There have been plenty of opportunities for Yeang to make the journey from Asia to Europe of late. Since joining the Southwark Land Regeneration team, one of three bidding for the £500m redevelopment of London’s Elephant & Castle, he has been adding his customary energy and ideas to one of the capital’s major regeneration schemes.
The winner will be picked at the end of the month. And if his team’s bid is successful, it will be something of a homecoming for Yeang, who describes his childhood as a “classic British upbringing”. Sent to Cheltenham College for Boys at 13, he went on to study at Cambridge University. He calls England his second home – two of his sisters live here and he owns a house in East Finchley.
Yeang is excited at the prospect of working in the UK. “In the Far East, you are always dealing with developers who are trying to cut costs,” he sighs. He also thinks there are more skills in the UK. “There is a shortage of professions in the Far East. The best consultants in the world – Arup, Battle McCarthy, the University of London – are within a stone’s throw of each other here.”
The prospect of future work in the UK seems good. As well as the Elephant & Castle opportunity, Yeang has signed a formal agreement with HTA Architects (also on the Southwark Land Regeneration team) to seek residential work. “We think his time has come,” says HTA director Ben Derbyshire, who describes him as “an incredibly likeable man”.
Yet Yeang’s affable manner hides real drive. The disadvantages of working in South-east Asia, which include the tempestuous economic conditions, seem to have inspired him. “If people ask me what it’s like to be an Asian architect, I say you have to over-achieve to be recognised,” he says. “If you tell people you are from Malaysia, they see you as a Third World architect.”
That is far from the perception that currently surrounds Yeang. Having incorporated environmental ideas and research into early projects, such as his own Roof-Roof house in Kuala Lumpur, which features a louvred roof that acts as a solar filter, he decided to tackle the structure probably considered the most wasteful in the modern world: the skyscraper.
If people ask me what it’s like to be an Asian architect, I say you have to over-achieve to be recognised
His more recent projects, such as the international award-winning Menara Mesiniaga office block in Kuala Lumpur and the mixed-use MBf Tower in Penang, have started to change the perception of tall buildings. The environmental ideas – minimising energy use, creating microclimates inside the buildings – were matched by a style that was more informal and expressive than that of the typical modern skyscraper.
The Yeang approach is a knowledge-based one, which he thinks will be crucial in the coming century. “You have to have the figures,” he asserts. “A low-energy building has to use less than 100 kilowatt hours per square metre per annum. It’s an index you can design to. If you don’t have those criteria, it’s like a moving target.”

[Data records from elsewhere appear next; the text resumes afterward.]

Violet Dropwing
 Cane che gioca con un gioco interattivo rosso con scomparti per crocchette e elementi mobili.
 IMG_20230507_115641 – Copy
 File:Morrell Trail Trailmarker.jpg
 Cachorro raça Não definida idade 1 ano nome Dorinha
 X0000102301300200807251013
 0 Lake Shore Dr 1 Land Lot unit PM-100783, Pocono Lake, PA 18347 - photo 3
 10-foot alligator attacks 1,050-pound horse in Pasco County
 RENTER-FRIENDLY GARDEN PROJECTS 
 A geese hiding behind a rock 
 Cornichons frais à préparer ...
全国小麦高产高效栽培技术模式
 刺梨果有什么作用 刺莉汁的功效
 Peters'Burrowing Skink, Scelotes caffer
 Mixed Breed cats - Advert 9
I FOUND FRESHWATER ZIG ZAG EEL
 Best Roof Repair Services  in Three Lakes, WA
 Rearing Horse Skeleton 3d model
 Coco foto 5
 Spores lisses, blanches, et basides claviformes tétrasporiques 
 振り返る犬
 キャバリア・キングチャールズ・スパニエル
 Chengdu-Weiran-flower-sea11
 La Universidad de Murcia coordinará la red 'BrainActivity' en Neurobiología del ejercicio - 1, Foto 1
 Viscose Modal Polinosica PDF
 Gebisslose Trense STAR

Knowing your watts per hour doesn’t restrict the design, though, he says. “You take those knowledge-based aspects and interpret them poetically.” And Yeang is realistic about the results. “It’s not going to work 100% – things change, that’s what life is. If it’s 100% hunky-dory, you are building a box.”
Yeang is buzzing with ideas, most of them dreamed up while he soars through the air on his way to another destination or, bizarrely, while he reads his extensive collection of Japanese modern comics. “I have 12 hours on a plane to myself to think things I want to,” he says of his flights.
Many of his ideas continue the ecological theme. He is preparing a working paper for the RIBA on sustainability, and is also producing a concept of landscaped bridges that could take over from roads by linking buildings. “Roads cut up ecosystems into 20 000 bits,” he says. “A good design can have a positive impact on the environment – you can enhance it.”
Married to this environmental zeal is Yeang’s flair for marketing. “I’m probably one of the best marketing men around,” he says. He picked up his sales patter selling encyclopedias in London during his student days. He has also studied marketing. “Most architects are very bad at marketing, except the Americans, who are terrific. When you become a corporate business, it is much more professionally done.”
With his hectic schedule – in Yeang’s world, flying is a form of relaxation – he has little time to rest on his laurels. Asked to pick out his favourite building from his collected output – he has completed 12 skyscrapers to date – he responds: “That’s like asking a mother with lots of children which one she likes best. She would say, ‘I love all of them, but in different ways’.”